Read Let the Devil Sleep Page 23

“Apologize?”

  “It wasn’t the right thing to do. I mean, my timing was really thoughtless—going out for a silly motorcycle ride—when there’s all this serious stuff going on. You must think I’m a selfish airhead.”

  “Taking a little break in the middle of a big mess seems pretty reasonable to me.”

  She shook her head. “I don’t think it was appropriate for me to be out there acting like nothing happened, especially if there’s a chance that your barn was destroyed because of me.”

  “Do you think Robby Meese is capable of that?”

  “There was a time when I would have said, ‘Not in a million years.’ Now I’m not sure.” She looked confused and helpless. “Do you think it was him?”

  Kyle appeared in the doorway behind her, listening but saying nothing.

  “Yes and no,” said Gurney.

  Kim nodded, as though his answer meant more than it did. “There’s one more thing I need to say.
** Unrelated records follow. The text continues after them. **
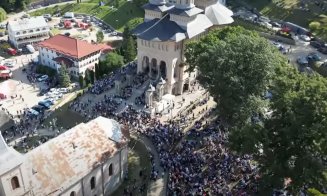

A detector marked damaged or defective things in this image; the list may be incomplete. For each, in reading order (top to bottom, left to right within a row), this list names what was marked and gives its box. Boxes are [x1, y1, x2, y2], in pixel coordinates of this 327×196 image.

rusty metal roof [23, 117, 127, 195]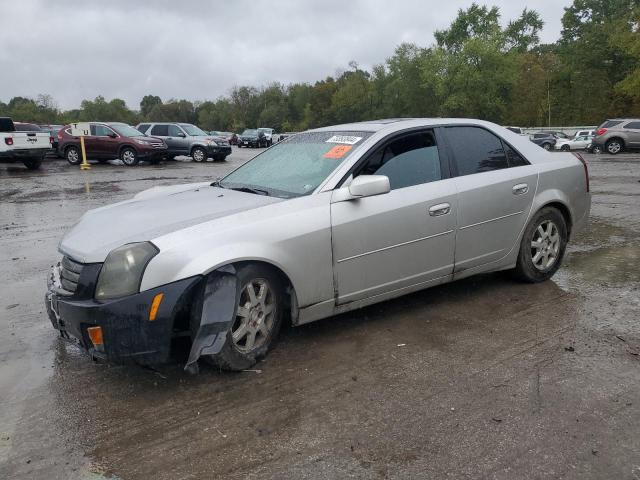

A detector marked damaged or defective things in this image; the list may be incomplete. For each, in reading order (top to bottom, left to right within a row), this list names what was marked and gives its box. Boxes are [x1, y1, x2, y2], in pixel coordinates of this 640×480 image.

damaged silver sedan [46, 119, 592, 372]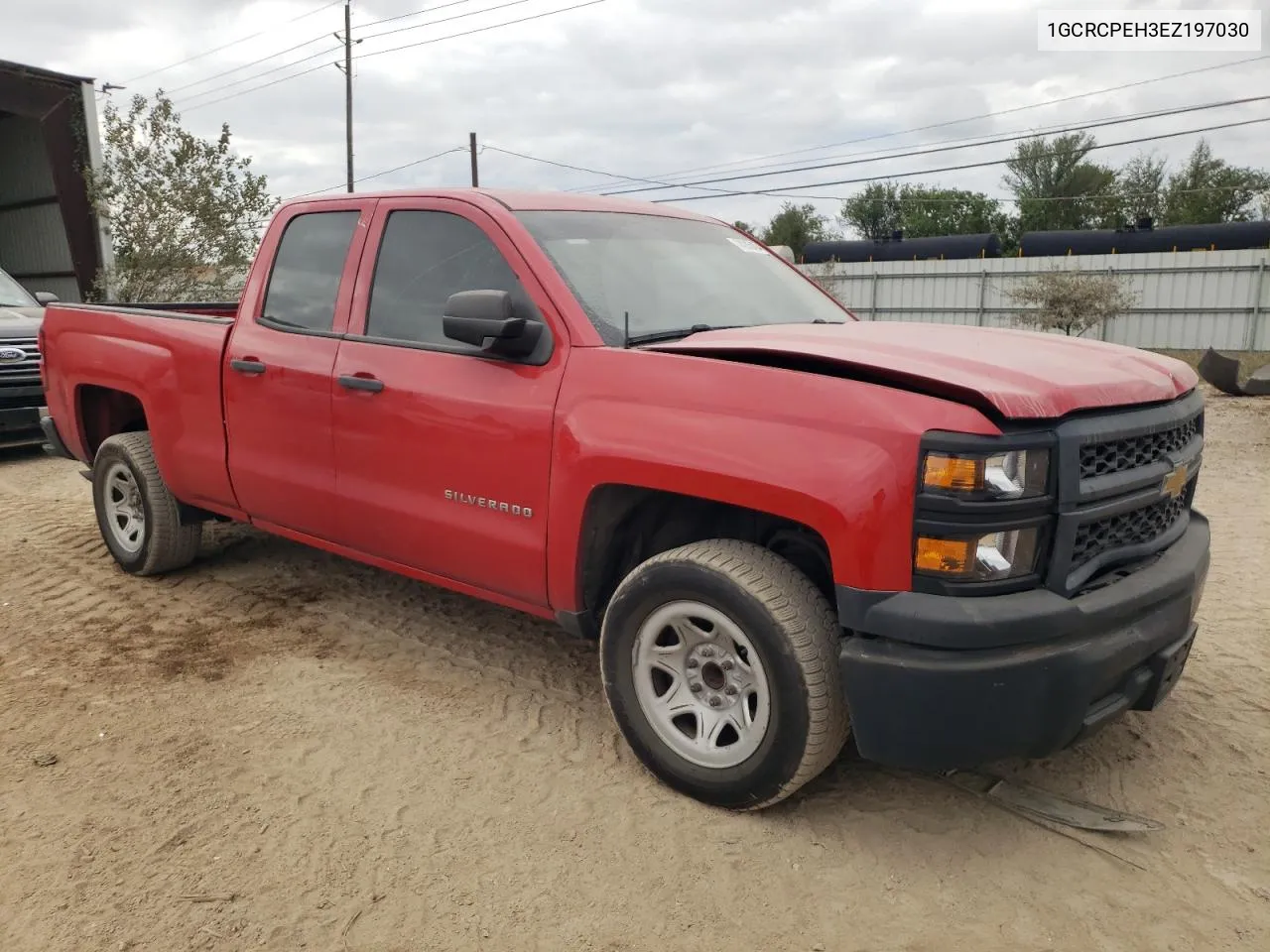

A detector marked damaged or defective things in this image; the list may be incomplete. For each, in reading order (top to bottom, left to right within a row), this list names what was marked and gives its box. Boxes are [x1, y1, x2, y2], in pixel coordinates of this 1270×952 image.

damaged hood [651, 321, 1199, 418]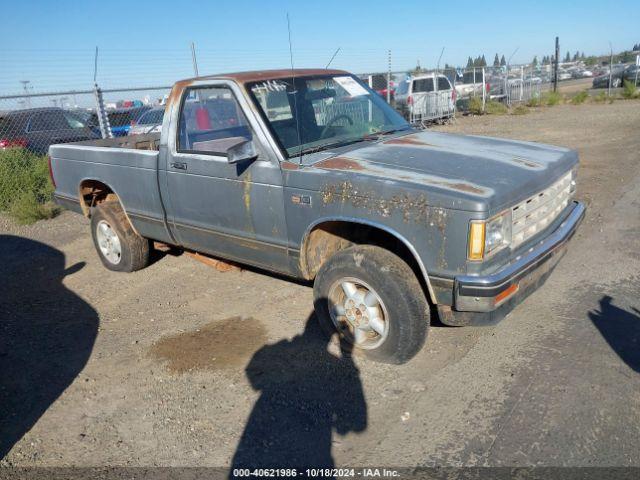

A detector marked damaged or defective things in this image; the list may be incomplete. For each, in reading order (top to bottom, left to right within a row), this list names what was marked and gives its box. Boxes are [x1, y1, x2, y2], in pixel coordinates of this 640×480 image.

rusty truck hood [308, 129, 576, 212]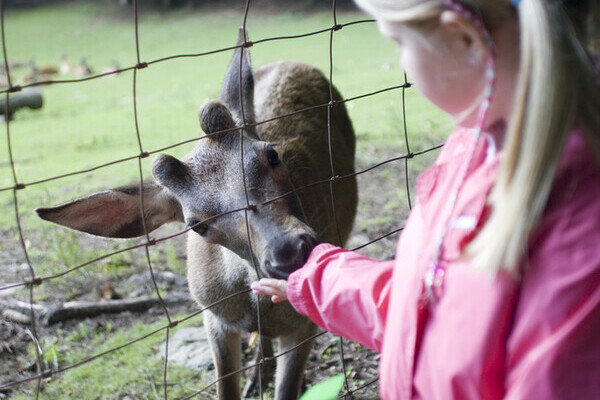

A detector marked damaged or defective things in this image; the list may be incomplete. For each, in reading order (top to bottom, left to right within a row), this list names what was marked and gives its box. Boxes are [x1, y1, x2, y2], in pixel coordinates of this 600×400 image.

rusty wire [1, 0, 446, 400]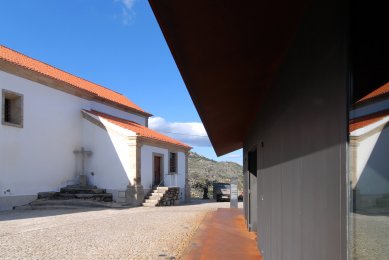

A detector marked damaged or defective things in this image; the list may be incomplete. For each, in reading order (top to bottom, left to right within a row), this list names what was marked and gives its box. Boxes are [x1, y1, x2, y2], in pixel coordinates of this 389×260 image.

rusted metal roof overhang [149, 0, 310, 155]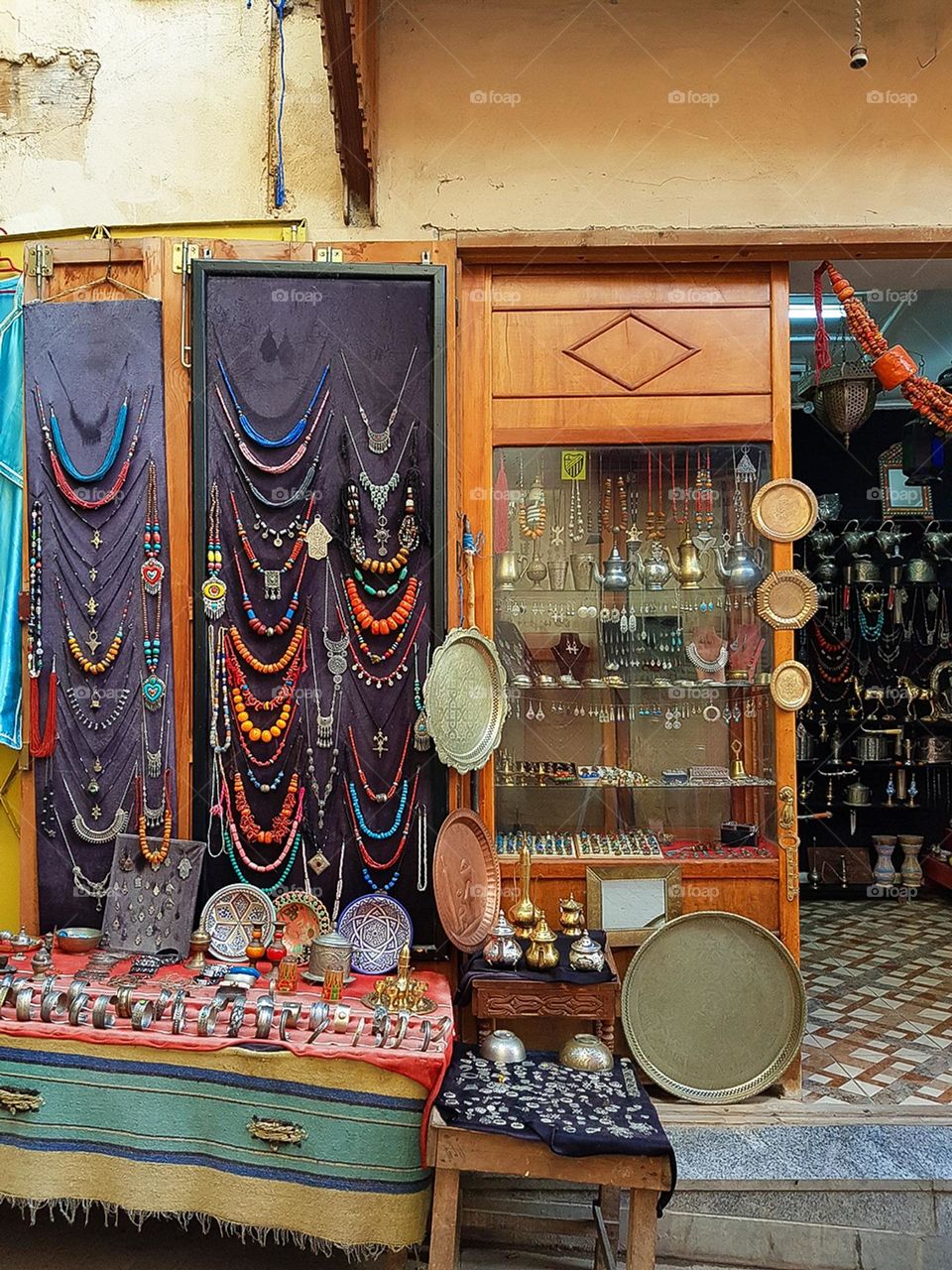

I hope you realize that I had no idea a week ago what I was dragging you into. At this point I would totally understand and accept your decision if you wanted out.”

  “Because of the fire?”

  “The fire, plus the booby trap in the basement.”

  Gurney smiled.

  She frowned. “What’s so funny?”

  “Those are the reasons I don’t want out.”

  “I don’t understand.”

  Kyle spoke up. “The harder it gets, the more determined he gets.”

  She turned, startled.

  He went on. “For my dad, difficulty is a magnet. Impossibility is irresistible.”

  She looked from Kyle back to Gurney. “Does that mean you’re willing to stay involved in my project?”

  “At least until we get things sorted out. What’s next on your agenda?”

  “More meetings. With Sharon Stone’s son, Eric. And with Bruno Mellani’s son, Paul.”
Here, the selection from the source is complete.